No ha ocurrido este año. Al contrario, ha aparecido temprano, apenas unos minutos después de que arrancase el sorteo pasadas las 9.10 horas. Para presenciarlo de cerca, Manoli Sevilla ha aguantado 50 horas apostada en la puerta del teatro, durmiendo cubierta por una manta en una silla portátil.

Un esfuerzo con recompensa: Manoli ha recuperado esta mañana el privilegio de ser la primera en entrar al Teatro Real. Esta octogenaria de origen ceutí ejerce de matriarca de la extraña familia que se congrega en el sorteo. Lo hace siempre disfrazada, esta vez de árbol de navidad, con bolas y guirnaldas pegadas al cuerpo.

El leonés Juan tampoco falta a la cita, y ha repetido traje: de obispo. El que no abandona su habitual y elegante vestimenta es Fernando Vázquez, un niño de San Ildefonso de 79 años que en 1954 cantó el Gordo y desde entonces acude con capa castellana a cada sorteo. Este año se ha dejado barba.

Como toda cita navideña que se precie, en el sorteo no han faltado los langostinos: una veintena de amigos disfrazados de sabrosos crustáceos que forman una peña bautizada como Los Rodolfos y han amanecido casi congelados tras pasar una fría y ventosa noche a la intemperie haciendo cola.

Niños que lloran

Los cantarines peques, en vez de pedir aguinaldo, lo reparten a borbotones.
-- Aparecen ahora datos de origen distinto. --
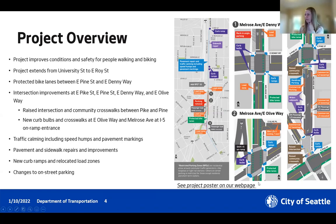At Melrose and Olive, we're installing new curb ramps and curb bulbs. A key design feature here is adding an improved crosswalk on the west side of the street — we're simplifying this crossing to make it safer and more pedestrian friendly by straightening it out. There's a curb in the center that acts like a pedestrian island so folks can cross in stages. The curb bulbs also create more of a tighter corner angle, which will slow down cars and help with pedestrian safety.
Millones han desperdigado por toda España Noura Akrouh y Elisabeth del Carmen Roque, de 12 y 13 años respectivamente, al entonar el 26.590 como número ganador del Gordo de 2019 en la primera tabla del sorteo. "Estábamos diciendo que iba a tocar en la primera bola", ha confesado Noura. Y cerca han estado de conseguirlo.

Entre los niños y niñas de San Ildefonso, Nerea Pareja se hace querer como casi ninguno. Porque reparte premios año tras año (esta vez ha cantado el segundo y un cuarto, pero en 2018 cantó también los tres premios más tempraneros), pero sobre todo porque se emociona hasta llorar cada vez que entona una lluvia de euros. "Es la niña de los premios", proclamaba María Jesús, su orgullosa madre, otra de las imprescindibles de la cita navideña de la lotería.